A fin 2005, le bilan atteint 577 communes dans 45 départements, puis 883 communes à la mi-2006. A la fin de l'année 2006, les objectifs de déploiement sont dépassés : 1071 (contre 1000 attendus) sites mis en service dans 1683 (1500) communes. En 2008, l'ARCEP, l'AMF, l'ADF, le secrétaire d'Etat à l'Aménagement du Territoire Hubert Falco et les opérateurs reviennent autour de la table pour ajouter la couverture de 364 communes en 2G d'ici 2011.
En 2009, l'ARCEP, l'Etat et les opérateurs décident d'adapter le réseau F-Contact à la 3G. Ainsi, les opérateurs se sont engagés à convertir les 3600 communes couvertes par le programme "zones blanches 2G" ainsi que 300 communes supplémentaires.
En mai 2015, l'ARCEP et les 4 opérateurs (Bouygues Telecom, Free, Numericable-SFR et Orange) ont signé un accord pour couvrir les dernières zones blanches identifiées (160 communes) en 2G d'ici la fin 2016 et 2200 communes en 3G d'ici fin 2017, dont une grande partie est une conversion du réseau actuel F-Contact.

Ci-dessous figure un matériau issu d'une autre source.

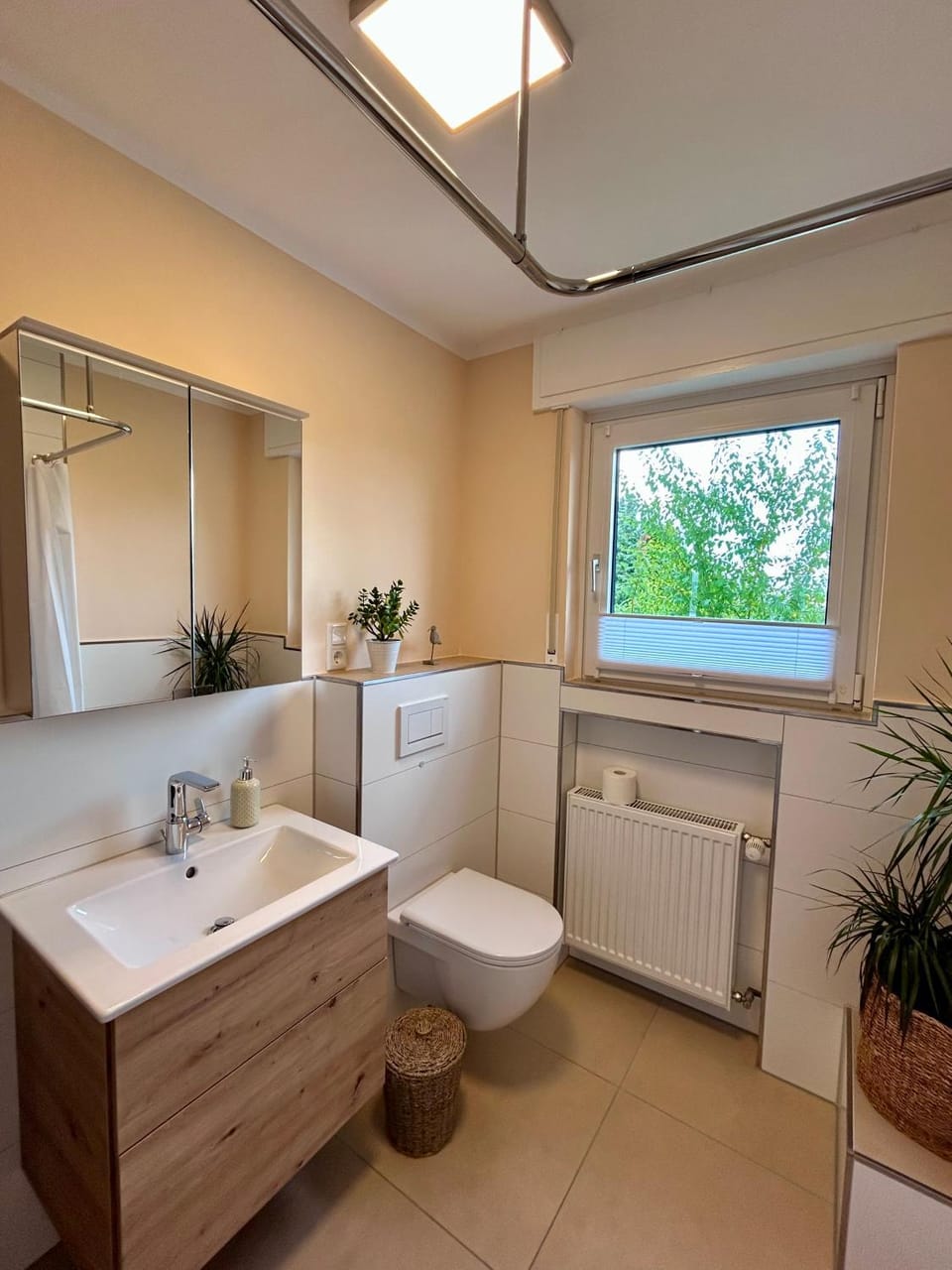 Toilet, Bathroom, towels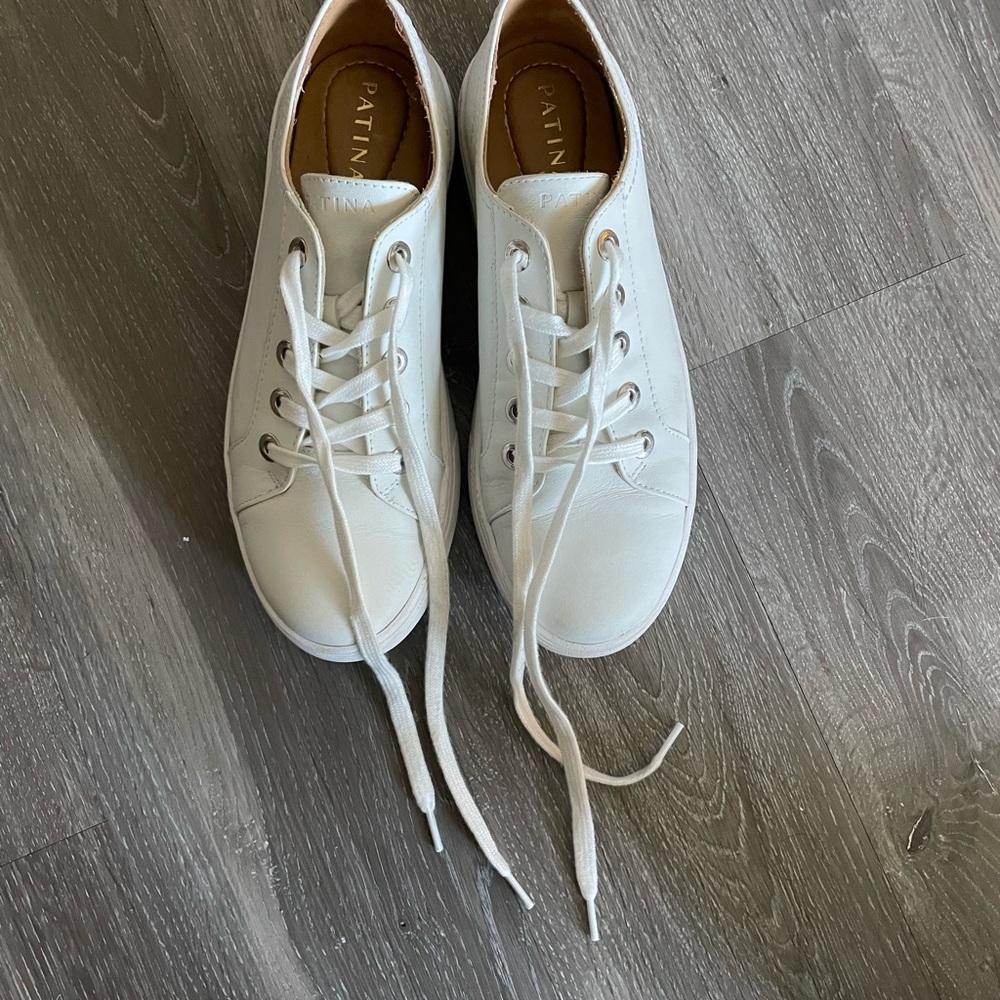 Patina White Sneakers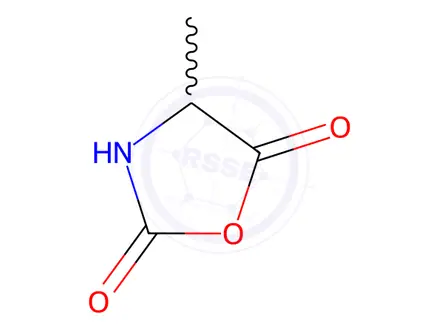 Chemical structure of Creatinine Impurity 8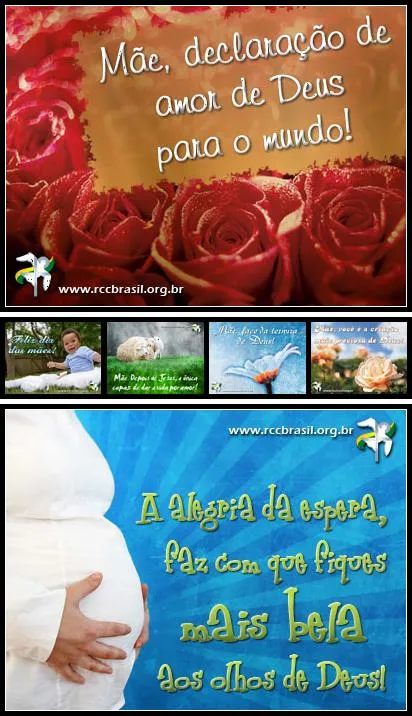 Mensagens para dia das Mães. | Enchei-vos do Espírito Santo de ...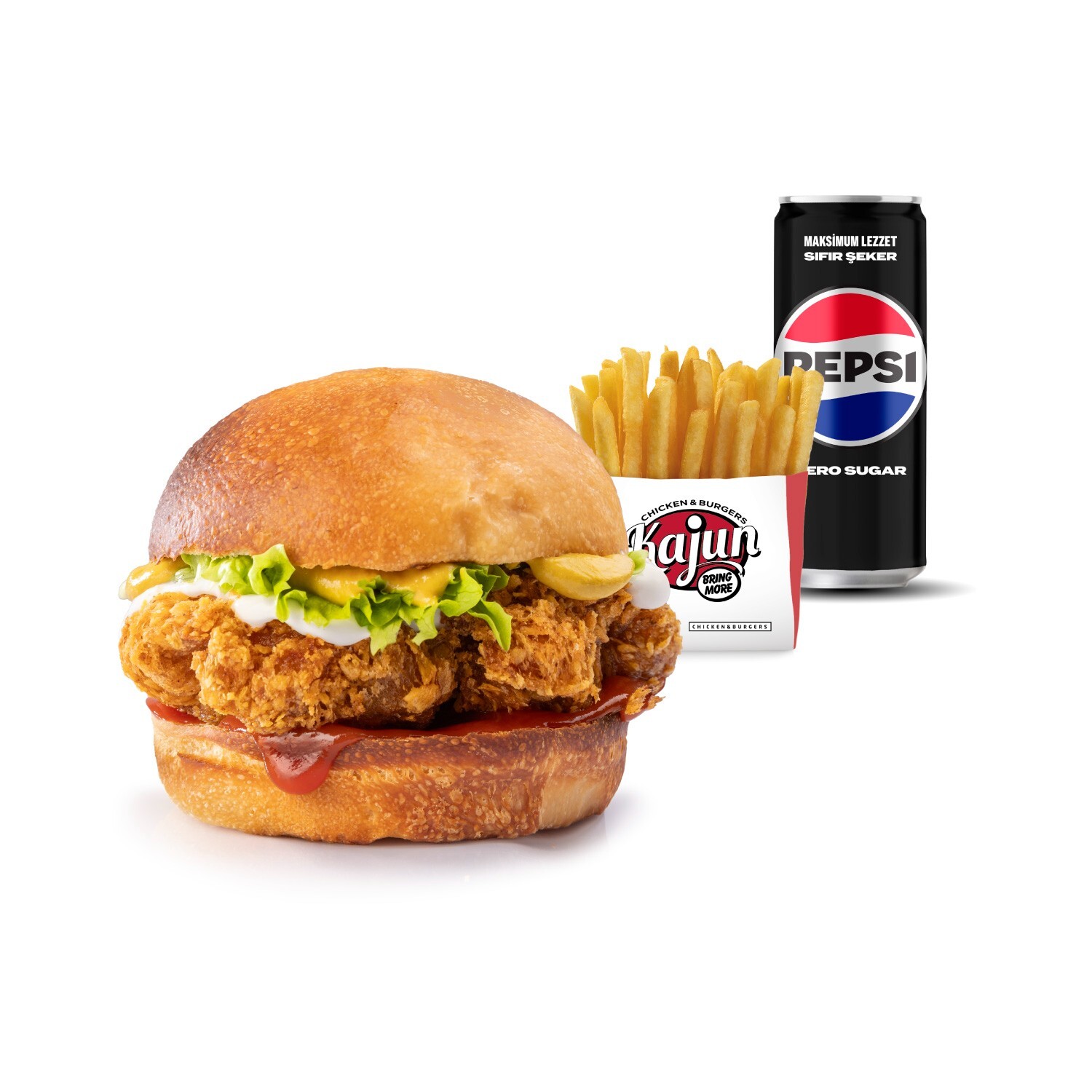 Flamin' Hot Burger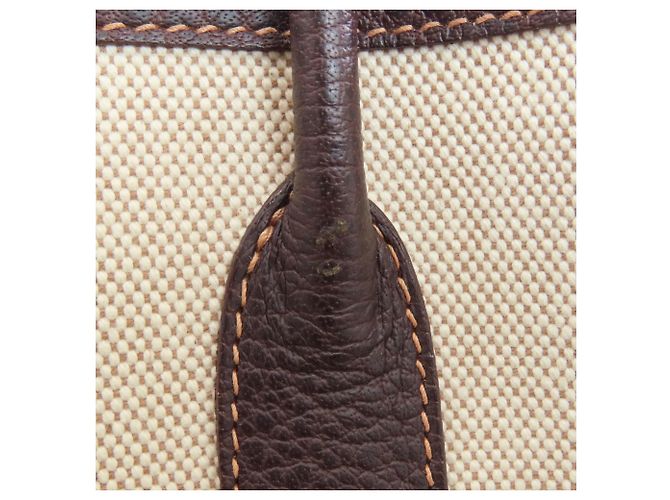 Hermès Borsa Hermes Garden Party TPM Marrone - vista 14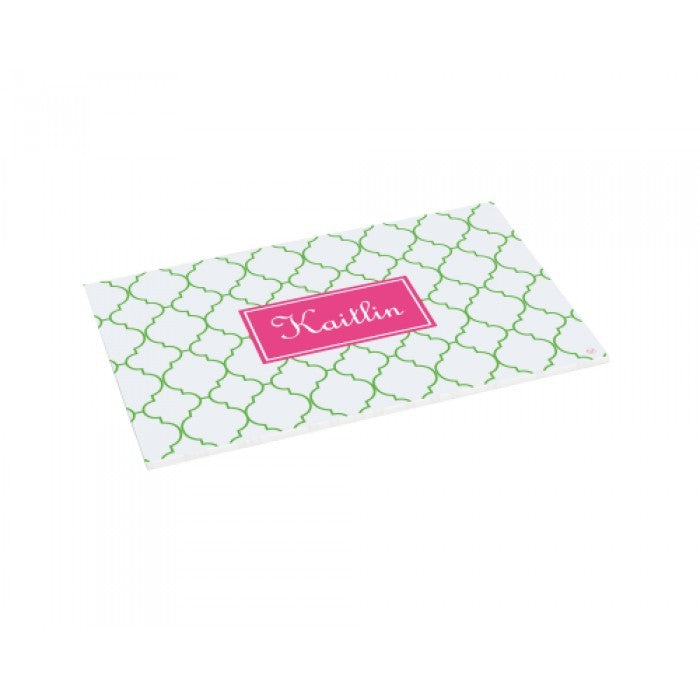 trellis disposable placemat pad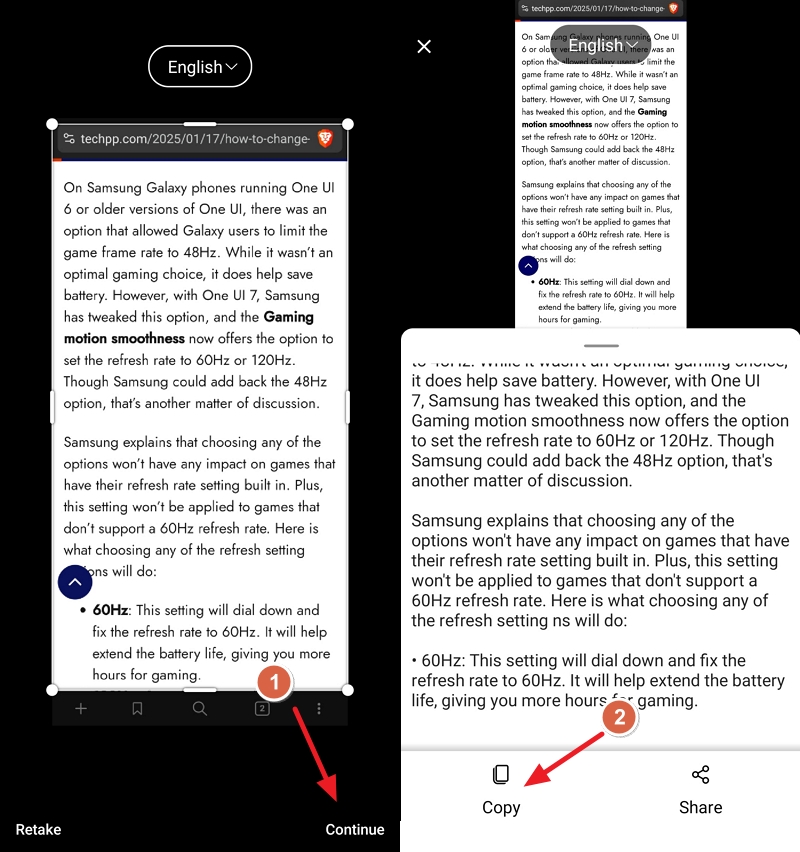 Как мгновенно скопировать текст с фото на смартфонах Android: 7 удобных способов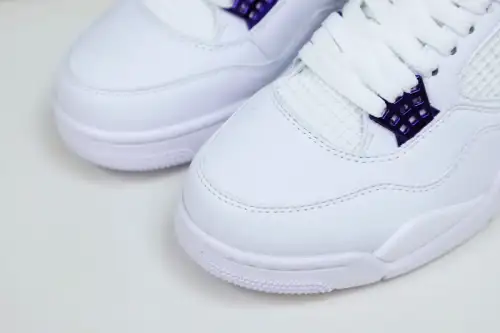 Air Jordan 4 Purple Metallic 
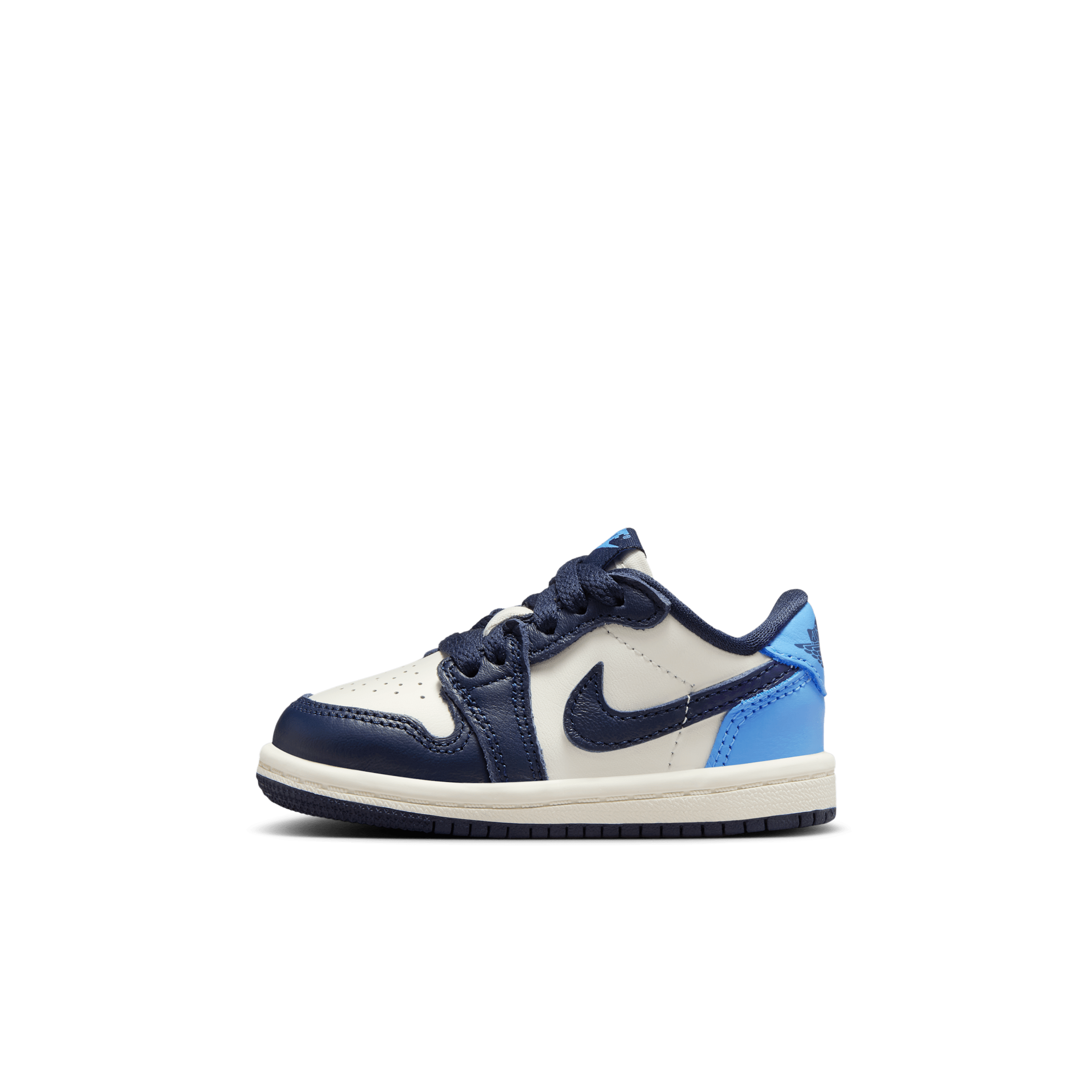 【ナイキ(NIKE)公式ストア】ジョーダン 1 レトロ LOW "Obsidian" ベビーシューズ FQ5435-400 ブルー 【ナイキ(NIKE)公式ストア】ジョーダン 1 レトロ LOW "Obsidian" ベビーシューズ FQ5435-400 ブルー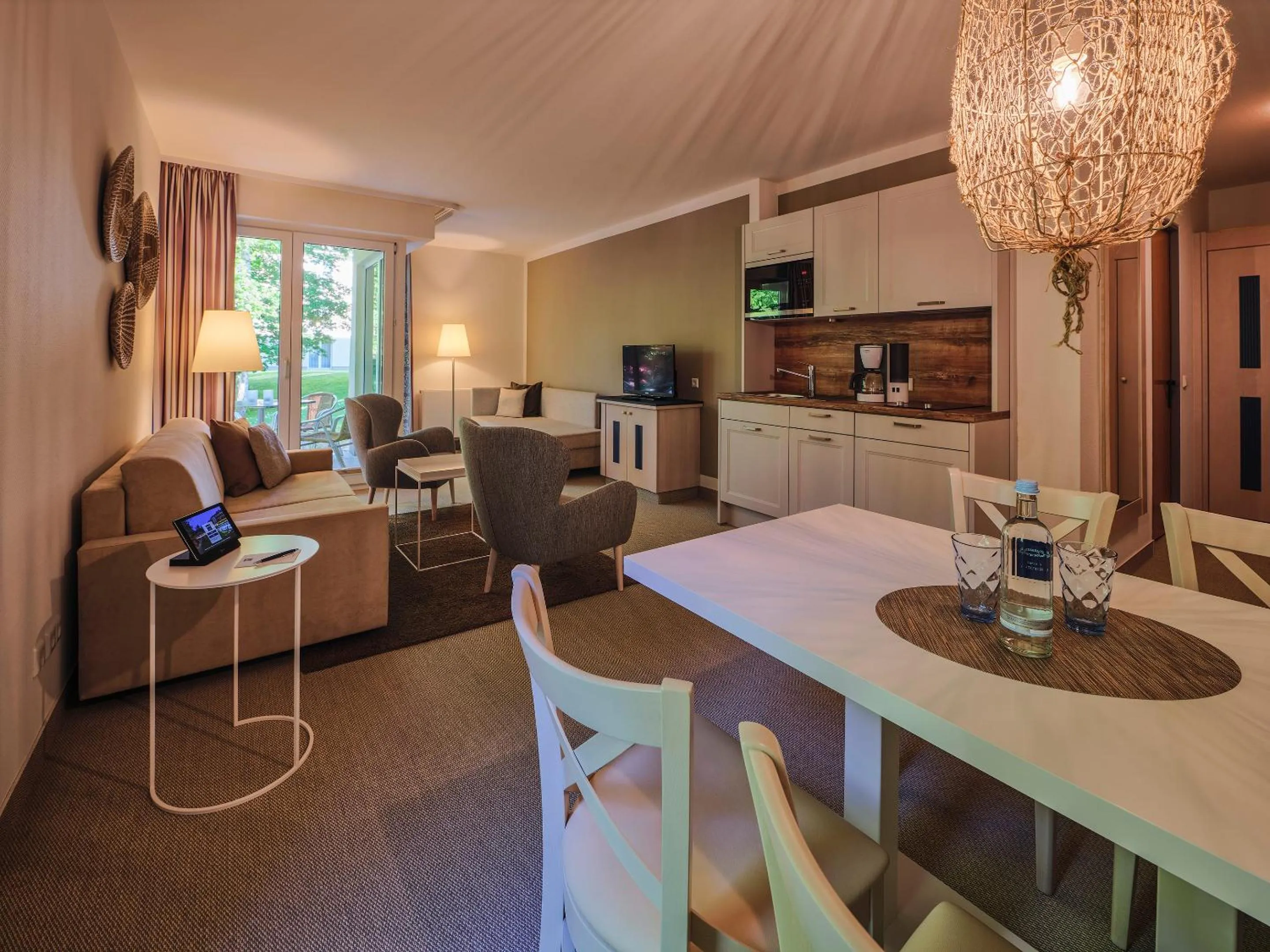 Living room in Dorint Seehotel Binz-Therme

Cependant, des communes peuvent encore être mal couvertes en 2G/3G par le réseau mutualisé. Les équipes de l'ARCEP et les mairies des communes peuvent remonter ces absences de réseau à l'Etat qui pourra amender le dernier accord afin que les opérateurs et l'ARCEP étendent le réseau F-Contact.
Mutualisation des réseaux mobile Bouygues Telecom - Numericable-SFR, pour une meilleure couverture en zone moyennement dense
En 2013, Bouygues Telecom et SFR ont décidé de mutualiser leurs réseaux 2G/3G/4G dans les zones moyennement denses. L'ARCEP a décidé d'imposer une interdiction de cette mutualisation dans les villes de plus de 300 000 habitants. L'objectif est de partager 11 500 pylônes des antennes-relais de Bouygues Telecom et de SFR pour la couverture de 57% de la population.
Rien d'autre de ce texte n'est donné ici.